Una de las actividades favoritas de los modeneses es comer. Ya nos habíamos dado cuenta con las comidas pantagruélicas en casa de Otello. Otra de sus actividades favoritas es huir de la ciudad y viajar hacia los Apeninos. Si es invierno, allí hay nieve para esquiar; si es verano, allí es más fresco; y en cualquier época del año allí hay menos niebla. Vas a la montaña, miras hacia abajo y con la vista encuentras, al pie de las últimas copas de los árboles, un mar de nubes apretadas. Buscas la zona donde más se agolpan y supones que allí está Módena.
También en el Apenino modenés lo que más se hace es comer. Había decenas de hosterías populares, y a menudo íbamos en bola los fines de semana. Modestas, típicas y alegres, casi todas ellas ofrecían el mismo menú de la gastronomía tradicional modenesa: tigelle, pinzimonio, gnocco fritto, affettati vari.
Las tigelle son una especie de sopes hechos con una harina de trigo, levadura y manteca. Se les pone una buena capa de lardo –que es, a su vez, manteca hecha con la primera capa subcutánea de grasa del cerdo, mezclada con ajo y romero- y una cantidad generosa de queso parmesano. A pesar del ajo, me encantaban.
El pinzimonio es una ensalada cruda colectiva, servida en grandísimos platos. Normalmente consta de rábanos, grandes piezas de apio, cebollines, hinojos y zanahorias, que uno va ahogando en un aliño de aceite de oliva extra vírgen y vinagre balsámico.
El gnocco fritto no se debe confundir con los gnocchi de papa y es una pasta hojaldrada hecha con ingredientes similares a los de la tigella, pero que se hunde brevemente en aceite a temperaturas absurdamente altas.
Los affettati vari son las diversas carnes frías de la región, entre las que destaca, por supuesto, el prosciutto crudo. Pero normalmente también te servían coppa (una suerte de salchicha), salame, mortadella y ceci (que es una especie de queso de puerco). Normalmente van dentro del gnocco fritto, pero como es tradición de que este tipo de comidas se acompañen con la ingesta abundante de Lambrusco, al final también se comen solos, con las tigelle o con pan y queso.
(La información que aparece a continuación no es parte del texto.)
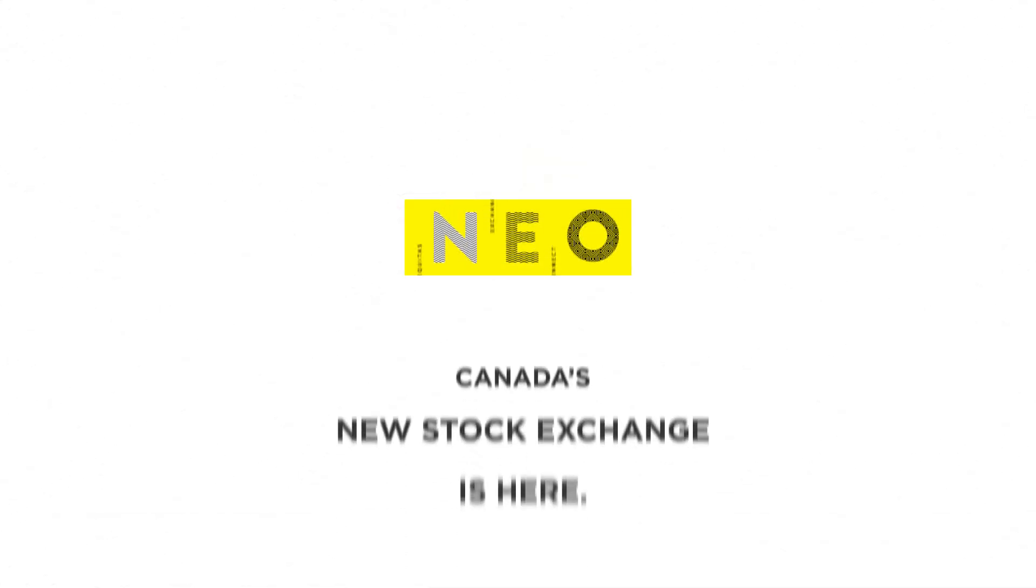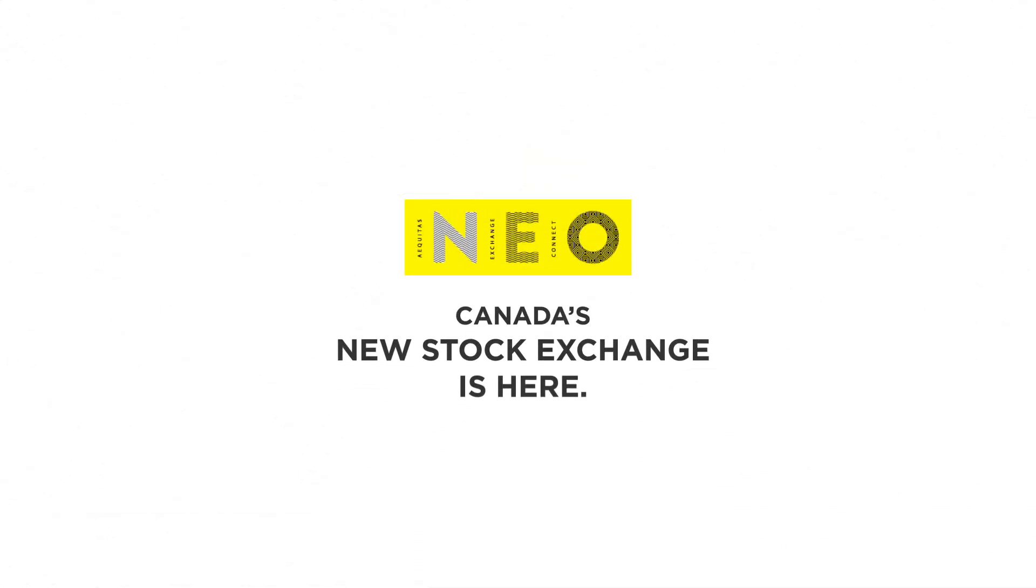NIO, Canada's new stock exchange, is here.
En una de esas ocasiones gastronómicas fuimos doce a la montaña, creo que a Serramazzoni, en la combi con placas de Singapur de Carlos Mársico. La cena estuvo particularmente rica y la bañamos generosamente con varias botellas de Lambrusco (la regla de oro dice que por lo menos debe ser una botella per capita). Ya encarrerados, nos pusimos a hacer brindis elaboradísimos y jalados. Cuando le tocó el turno a Elena, la novia de Daniele Tomasi, no sabía que decir. Alguien gritó:
-¡Brinda por lo que más te guste!
-¿Por lo que más me guste? –preguntó ella con una sonrisa pícara.
-¡Sí!
-Entonces brindo por el cazzo, que es lo que más me gusta –exclamó entre risotadas y aplausos.
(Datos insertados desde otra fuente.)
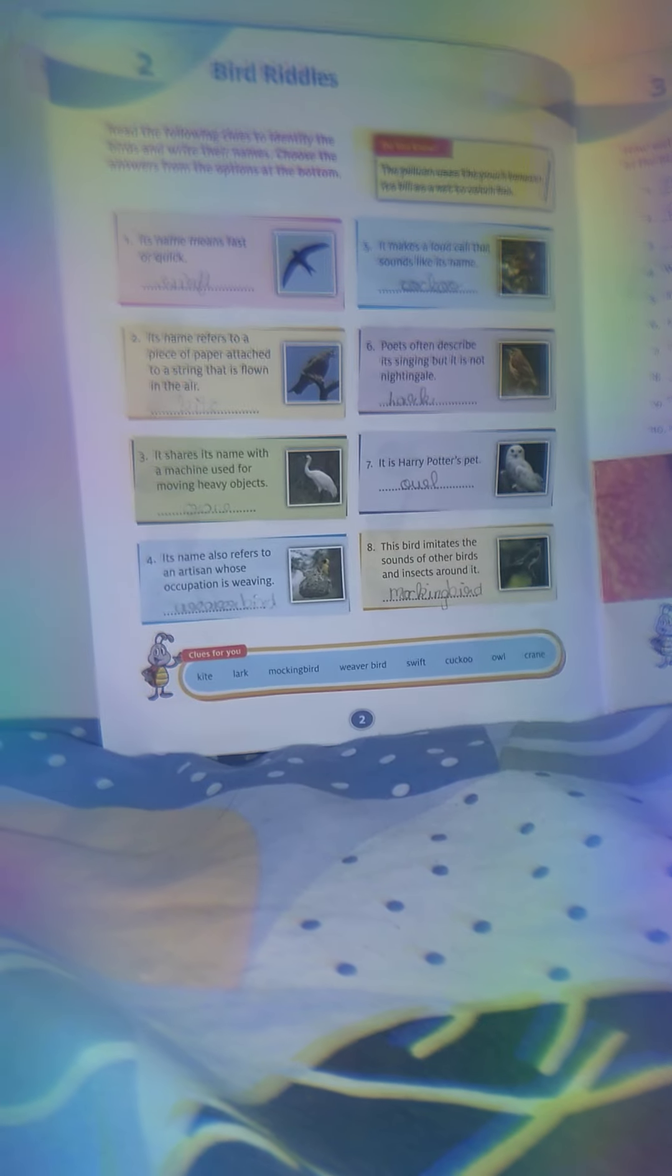Question number 8: The bird imitates the sounds of other birds and insects around it. Answer: Mockingbird.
Pocos minutos después, y tal vez porque nos habían escuchado, llegaron a nuestra mesa unos mecánicos del pueblo de Spilamberto, a retarnos. Contaron 18 botellas y les pareció poco. A través del reto aprendimos el juego del Capitano Puff, que se juega con los dedos, los pies, los números, la memoria y, por supuesto, el vino. Si te equivocas, te vuelven a llenar el vaso.
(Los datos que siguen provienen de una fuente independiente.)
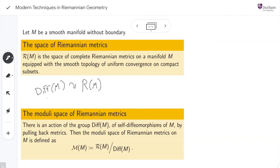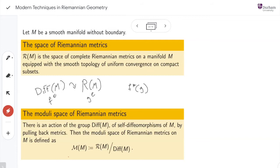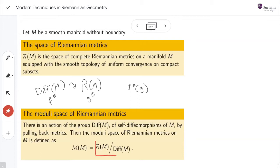We have this space of Riemannian metrics and we can have an action of the diffeomorphism of M on it. We take a diffeomorphism of M and a metric, and the action is going to be by pulling back the metric. This is going to give us the moduli space of Riemannian metrics — it's this quotient. Basically, we are taking all the metrics that are isometric between them, so these are the representatives of the isometry types. This space is going to be a convex cone, something contractible. But when we put some curvature constraint, things get difficult.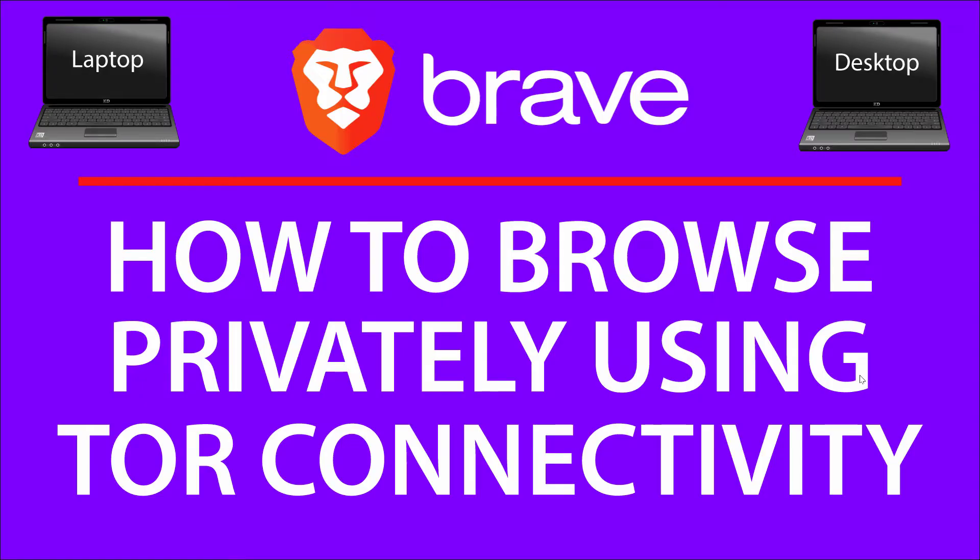This is going to be a video tutorial on how to open a private window using Tor Connectivity on the Brave browser.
Nos defendimos bastante bien, hasta que le tocó el turno a Alberto, el hermano de Jorge Carreto, quien estaba de visita. Alberto –a quien apodábamos, de chunga, Colashón- hizo correctamente su juego, pero los mecánicos ya estaban en la necia e insistían en que había quedado una gota de vino en su vaso. Entonces Colashón se puso a insultarlos en español, con el problema de que en dialecto modenés existe la palabra capròun. Para evitar broncas los invitamos a que todos nos pusiéramos a bailar liscio.
A eso de las dos de la mañana la hostería estaba por cerrar y los de Spilamberto nos invitaron a seguirla en el taller. Les dijimos que sí, que los seguiríamos, pero el tonto de Daniele se metió en el carro con ellos.
Bajamos por la montaña con Carlos conduciendo –él, que de por sí era un peligro sobrio- y con todos echando un relajo atroz con las chavas –y sobre todo con la novia de Daniele- en la parte de atrás de la combi (que no tenía asientos traseros). Según contó luego Carlos Mársico, cada determinados kilómetros se paraban los mecánicos y hacían señas para que nos desviáramos hacia Spilamberto y él ponía cara de extraviado y seguía derecho. Imagino que los aspavientos más grandes los hacía Daniele, quien terminó pasando la noche en el taller de los mecánicos.
Terminamos en nuestra casa, en Modena Est. Bajamos a Claudio Francia en calidad de saco de papas (más por su costumbre de dormir temprano que por el exceso de vino) y proseguimos el desmadre. Aunque la cosa entre Carlos y Elena no llegó a mayores, allí terminó la amistad entre Daniele y Mársico.